* _What to do_
Quote exactly the lines from the one with "ファミールハイツ北大阪1号棟のその他共用部分" to the end of the data, both included; omit the pictures.

++++++++++

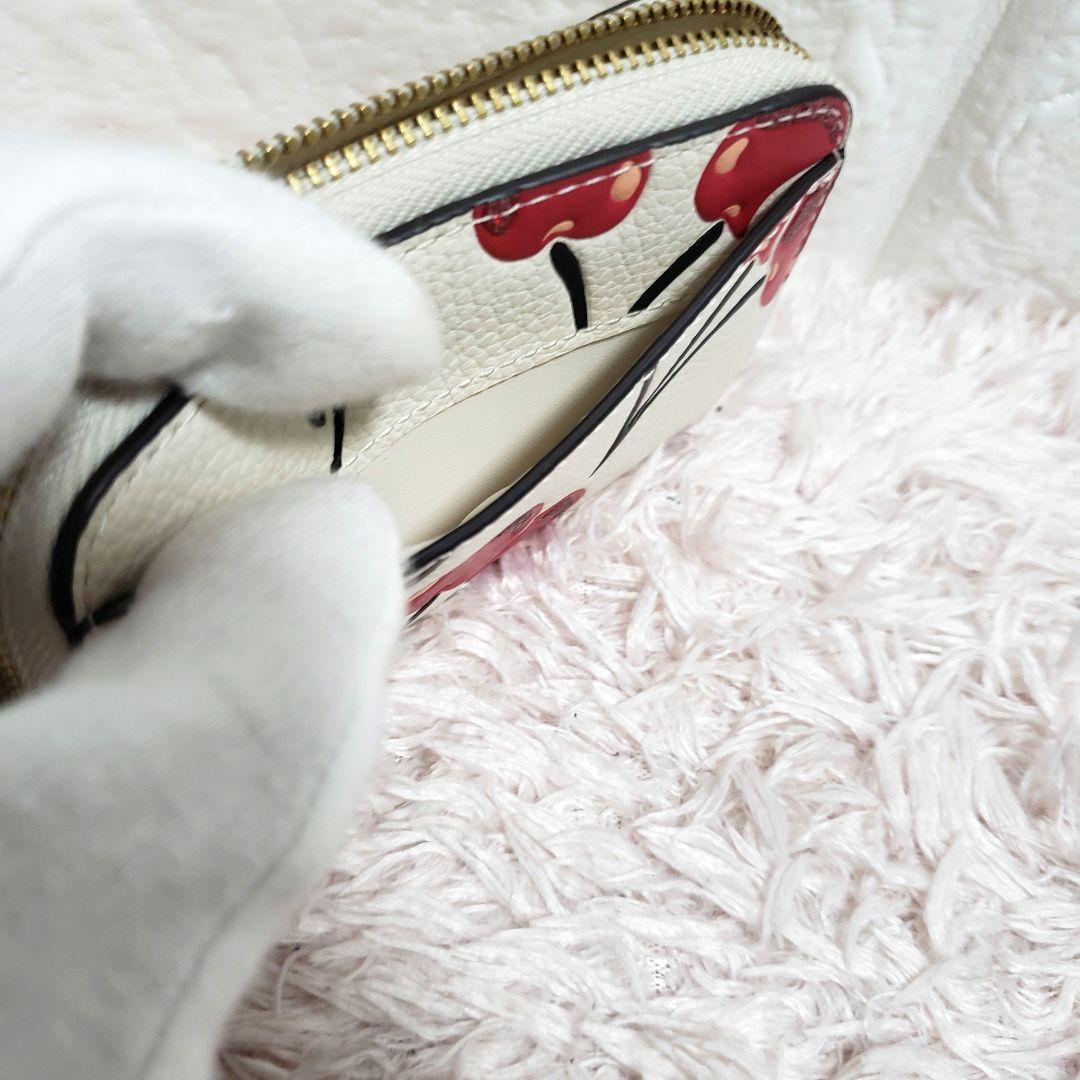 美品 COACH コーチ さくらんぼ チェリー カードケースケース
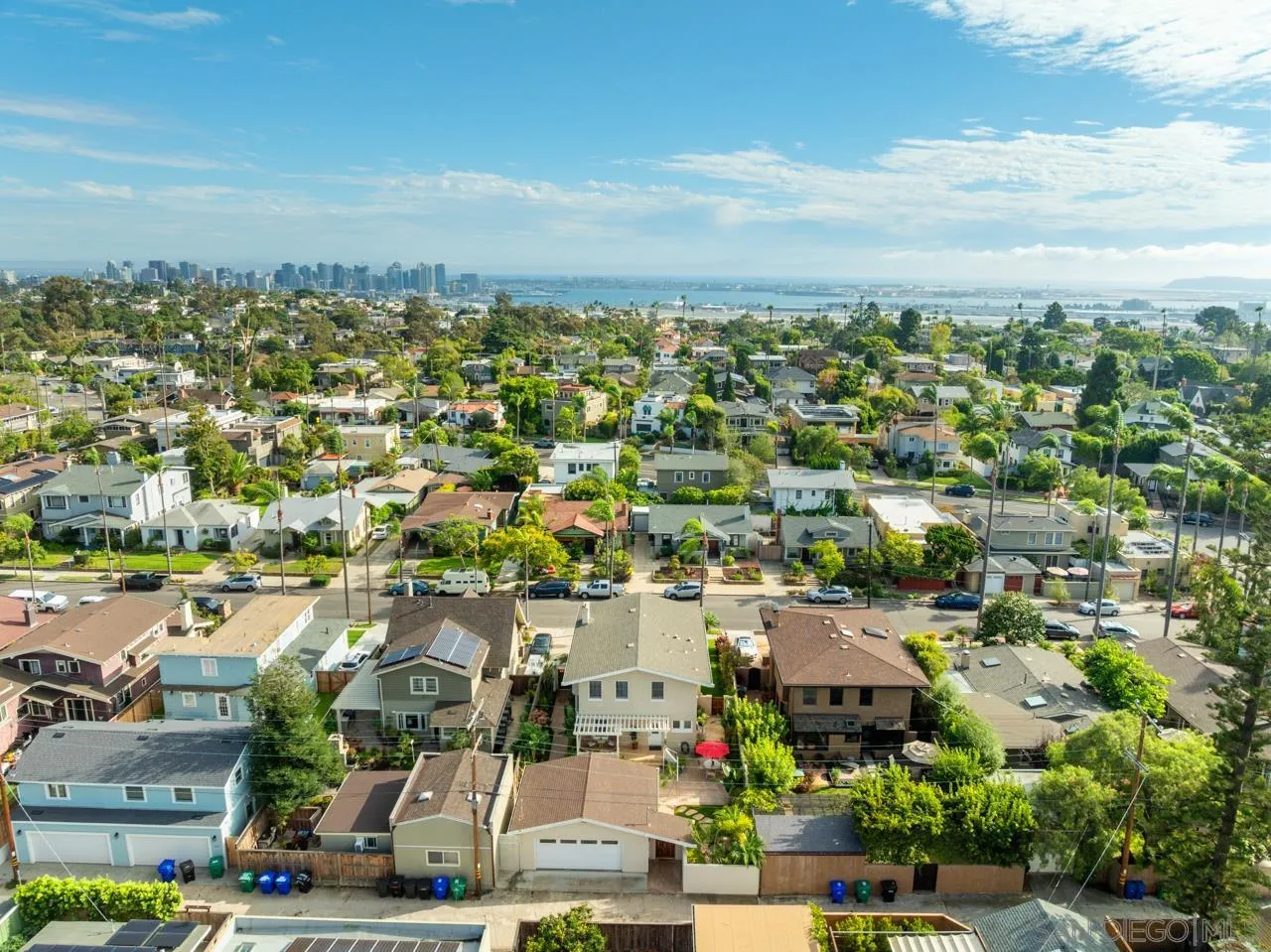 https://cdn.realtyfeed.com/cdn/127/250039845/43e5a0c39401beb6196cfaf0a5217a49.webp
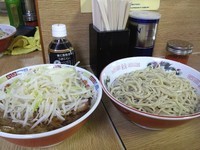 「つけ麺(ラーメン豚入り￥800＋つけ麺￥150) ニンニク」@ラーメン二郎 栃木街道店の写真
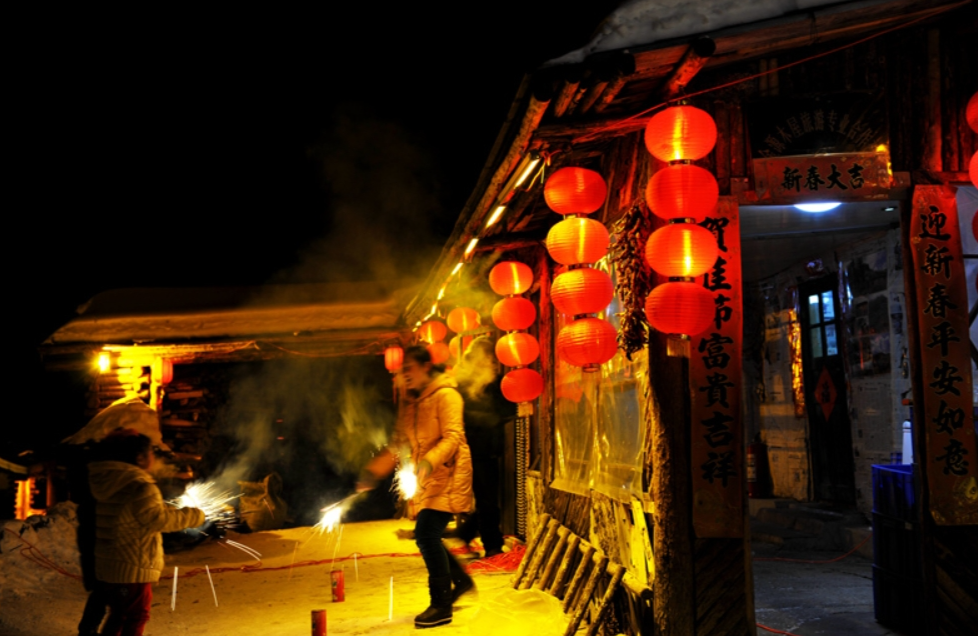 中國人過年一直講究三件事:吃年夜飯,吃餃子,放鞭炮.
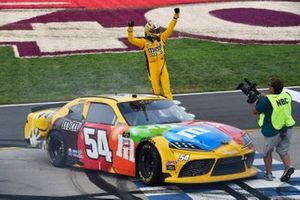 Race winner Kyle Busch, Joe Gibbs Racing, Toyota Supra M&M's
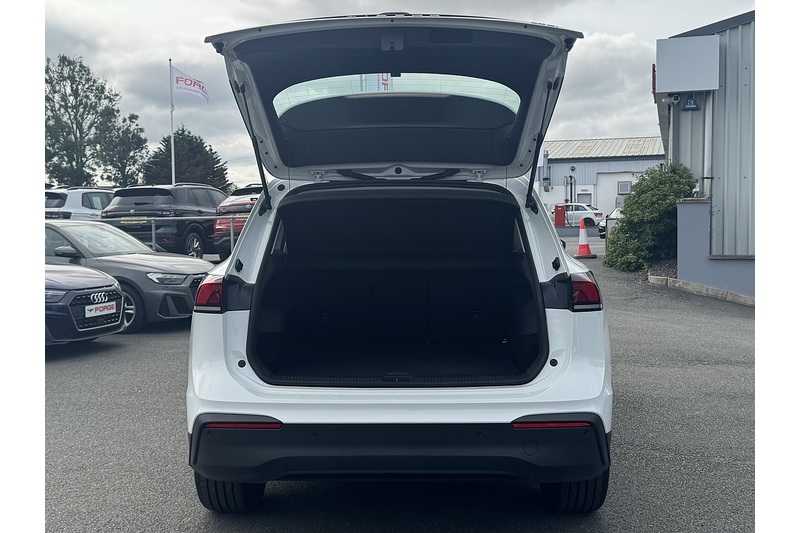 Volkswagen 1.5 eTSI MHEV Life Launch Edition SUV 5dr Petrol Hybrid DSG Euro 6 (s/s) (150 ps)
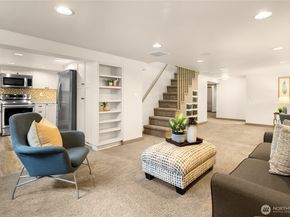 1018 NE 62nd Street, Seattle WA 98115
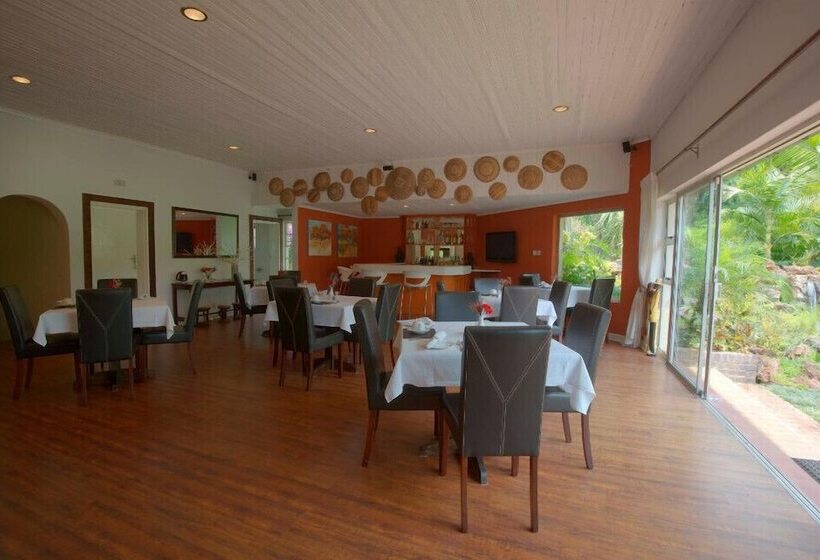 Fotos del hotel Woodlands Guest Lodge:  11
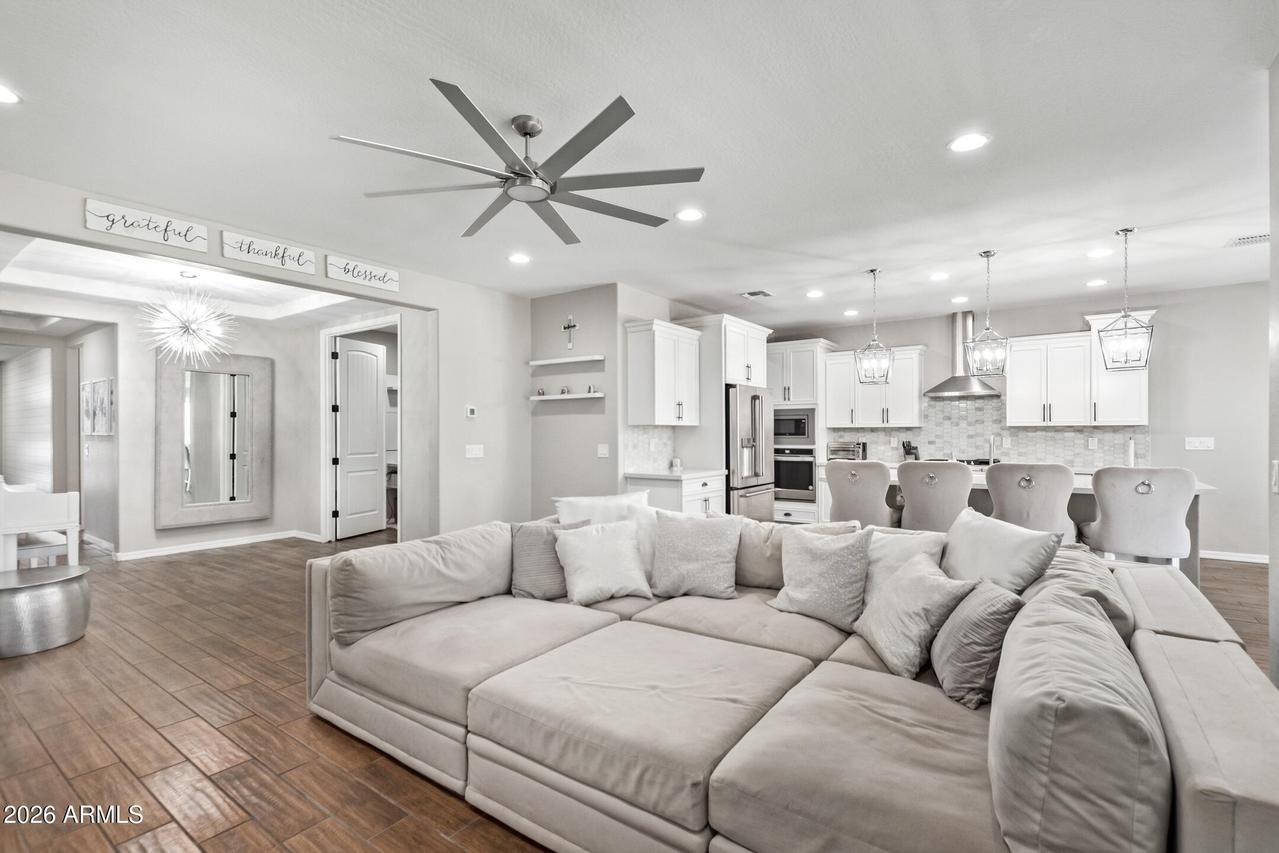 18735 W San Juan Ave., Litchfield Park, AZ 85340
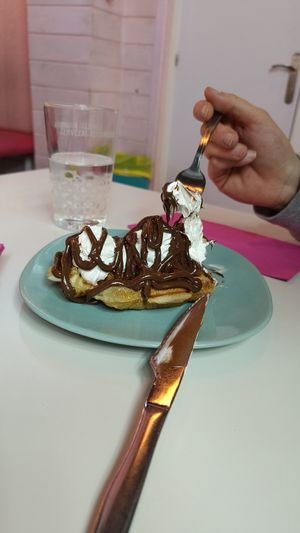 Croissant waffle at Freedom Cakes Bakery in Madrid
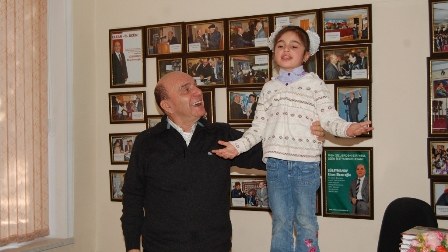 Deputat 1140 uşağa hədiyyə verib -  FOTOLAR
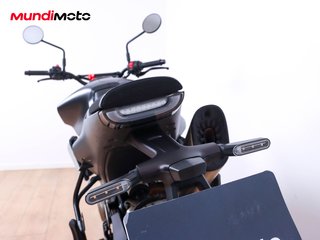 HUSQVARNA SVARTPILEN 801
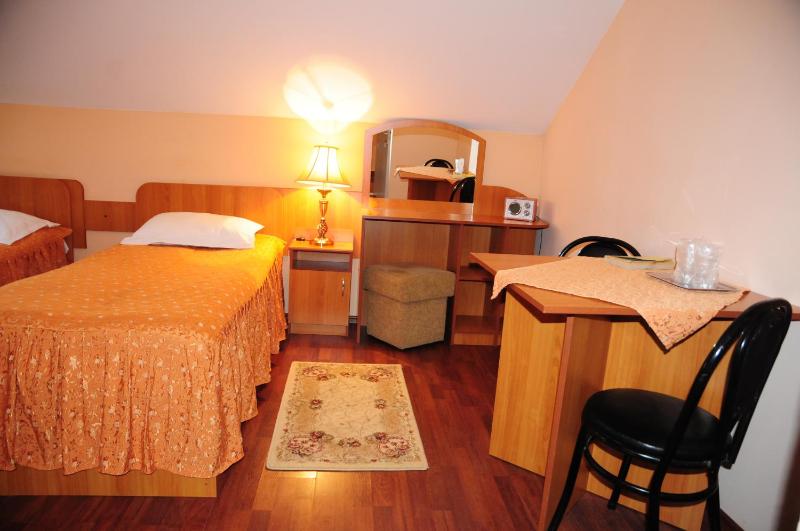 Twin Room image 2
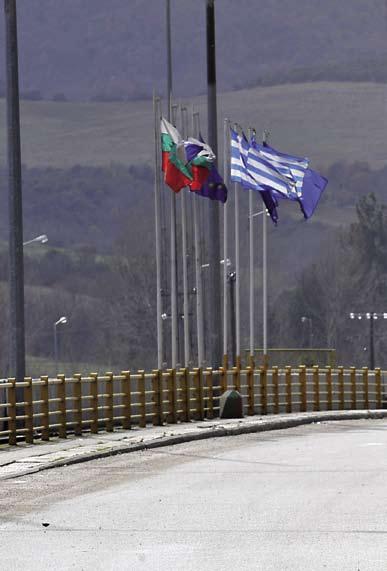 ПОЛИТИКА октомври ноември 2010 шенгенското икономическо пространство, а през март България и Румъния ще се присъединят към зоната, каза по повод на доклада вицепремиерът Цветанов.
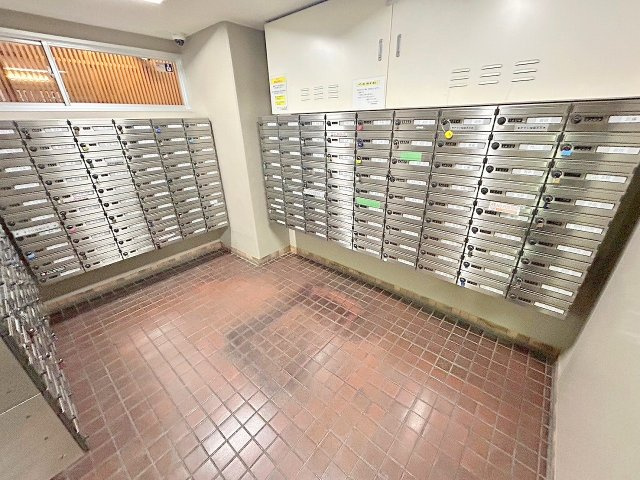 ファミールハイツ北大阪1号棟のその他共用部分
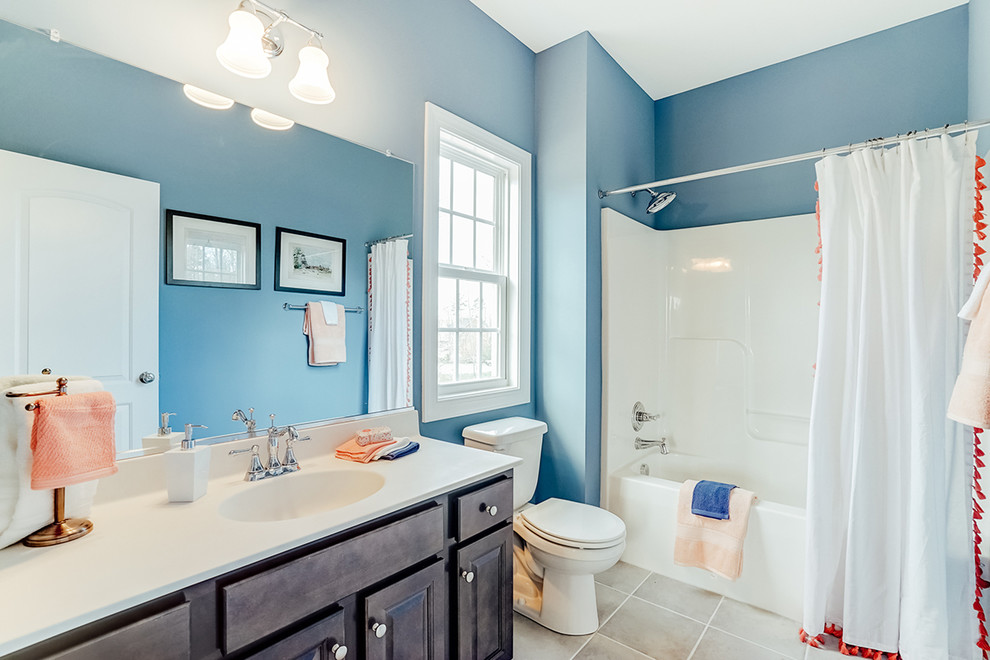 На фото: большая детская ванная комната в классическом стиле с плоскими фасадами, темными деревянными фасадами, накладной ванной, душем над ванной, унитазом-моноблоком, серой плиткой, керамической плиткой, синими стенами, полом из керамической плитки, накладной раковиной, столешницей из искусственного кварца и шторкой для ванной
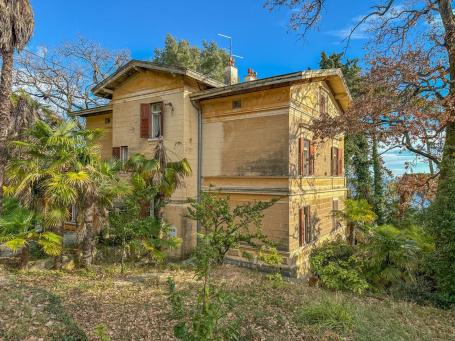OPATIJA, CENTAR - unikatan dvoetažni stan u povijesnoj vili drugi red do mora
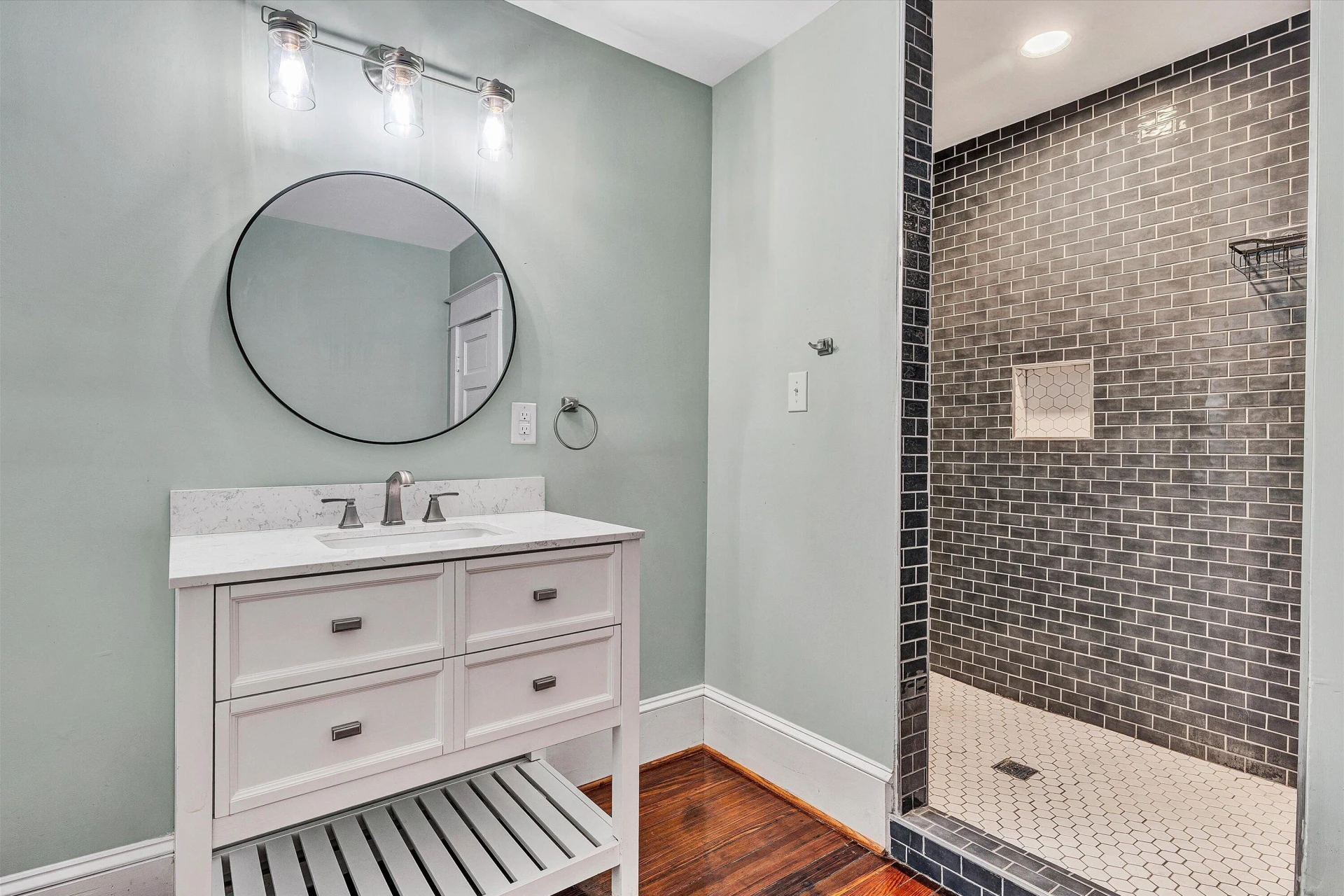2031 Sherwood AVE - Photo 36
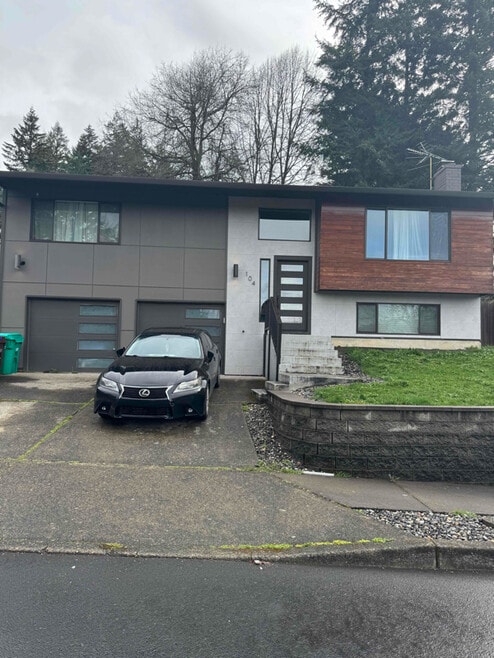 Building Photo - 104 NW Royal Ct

++++++++++

* _Result of this task_
 ファミールハイツ北大阪1号棟のその他共用部分
 На фото: большая детская ванная комната в классическом стиле с плоскими фасадами, темными деревянными фасадами, накладной ванной, душем над ванной, унитазом-моноблоком, серой плиткой, керамической плиткой, синими стенами, полом из керамической плитки, накладной раковиной, столешницей из искусственного кварца и шторкой для ванной
OPATIJA, CENTAR - unikatan dvoetažni stan u povijesnoj vili drugi red do mora
2031 Sherwood AVE - Photo 36
 Building Photo - 104 NW Royal Ct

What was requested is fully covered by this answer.